WORK TO BE COMPLETED:
Set down the final stretch of the data, from the line that holds "Tượng Quan Âm" through the last line, both included, with pictures left out.

------------------------

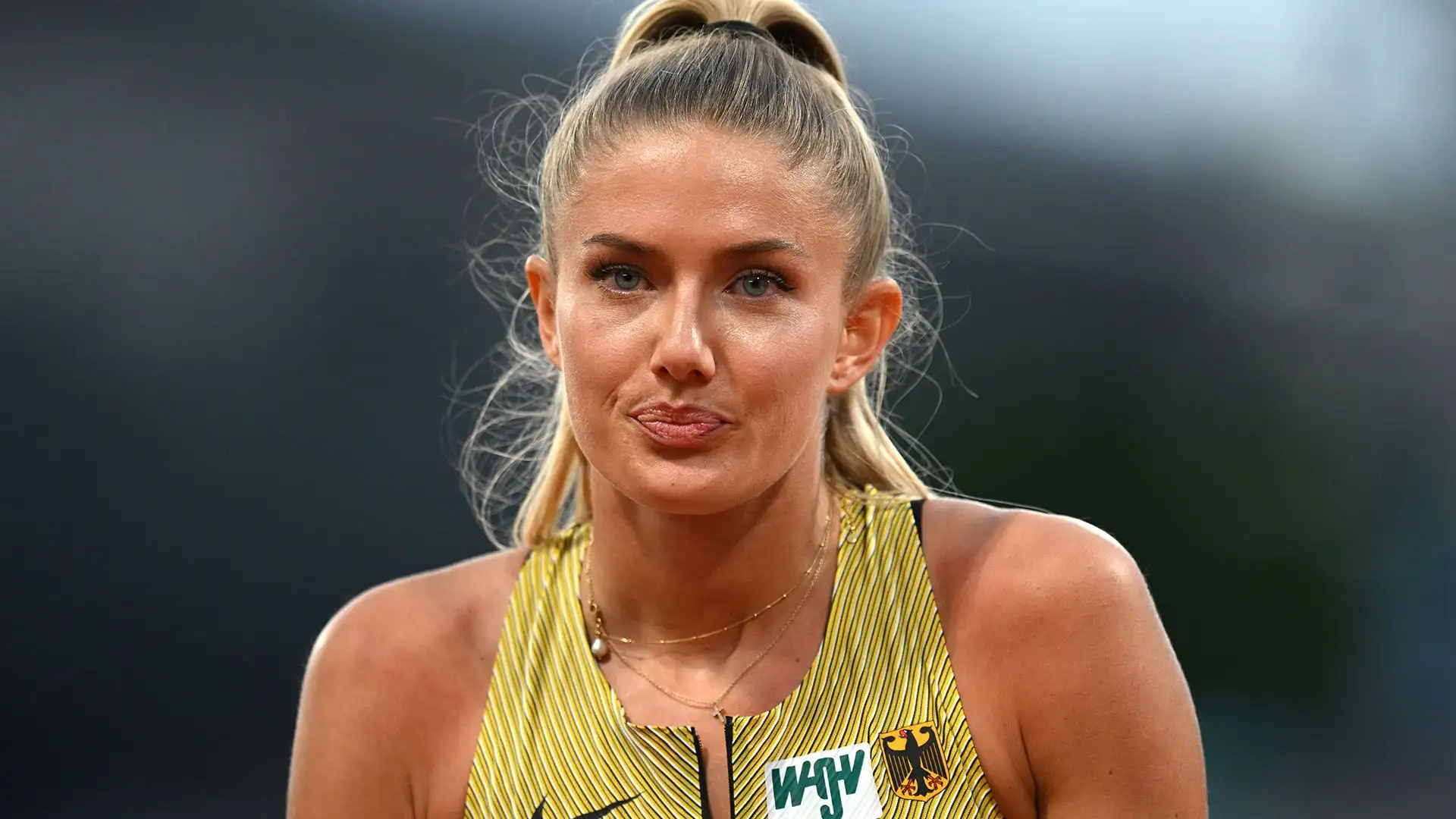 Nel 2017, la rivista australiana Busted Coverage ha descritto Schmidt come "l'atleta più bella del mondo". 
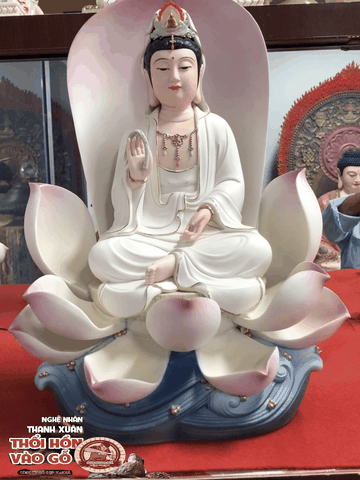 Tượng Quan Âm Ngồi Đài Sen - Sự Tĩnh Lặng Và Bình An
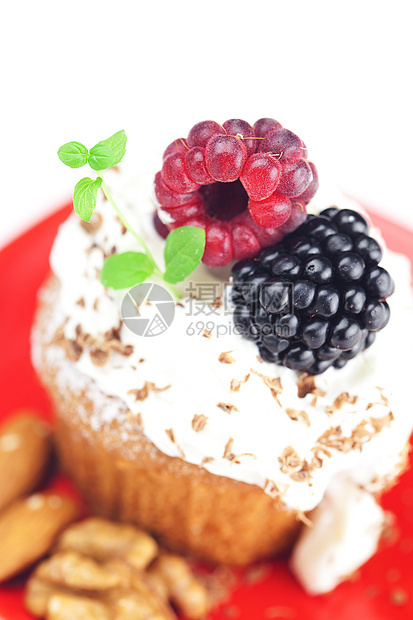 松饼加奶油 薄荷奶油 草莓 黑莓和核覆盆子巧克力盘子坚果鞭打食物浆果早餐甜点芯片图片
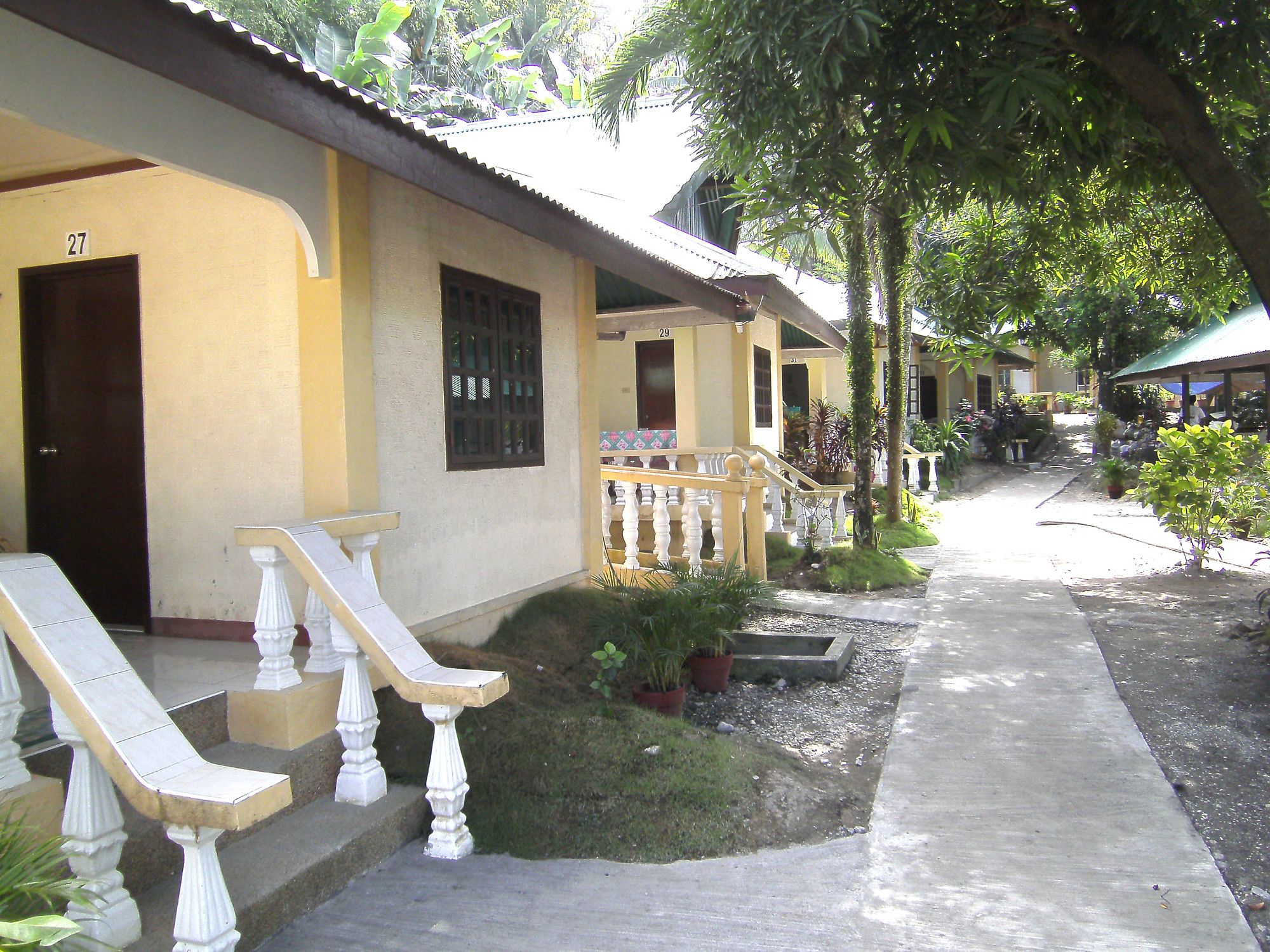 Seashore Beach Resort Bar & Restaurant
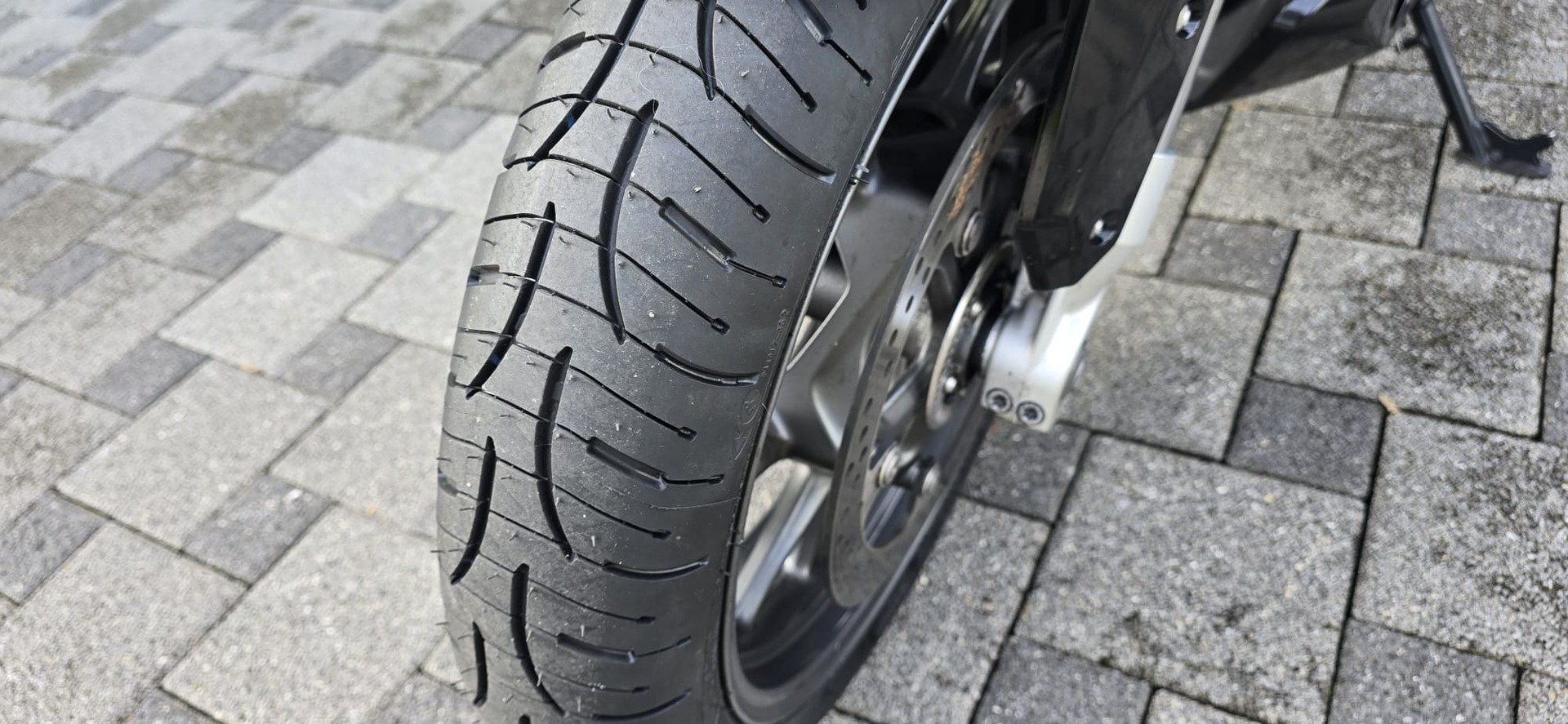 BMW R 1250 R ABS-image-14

------------------------

YOUR SOLUTION:
 Tượng Quan Âm Ngồi Đài Sen - Sự Tĩnh Lặng Và Bình An
 松饼加奶油 薄荷奶油 草莓 黑莓和核覆盆子巧克力盘子坚果鞭打食物浆果早餐甜点芯片图片
 Seashore Beach Resort Bar & Restaurant
 BMW R 1250 R ABS-image-14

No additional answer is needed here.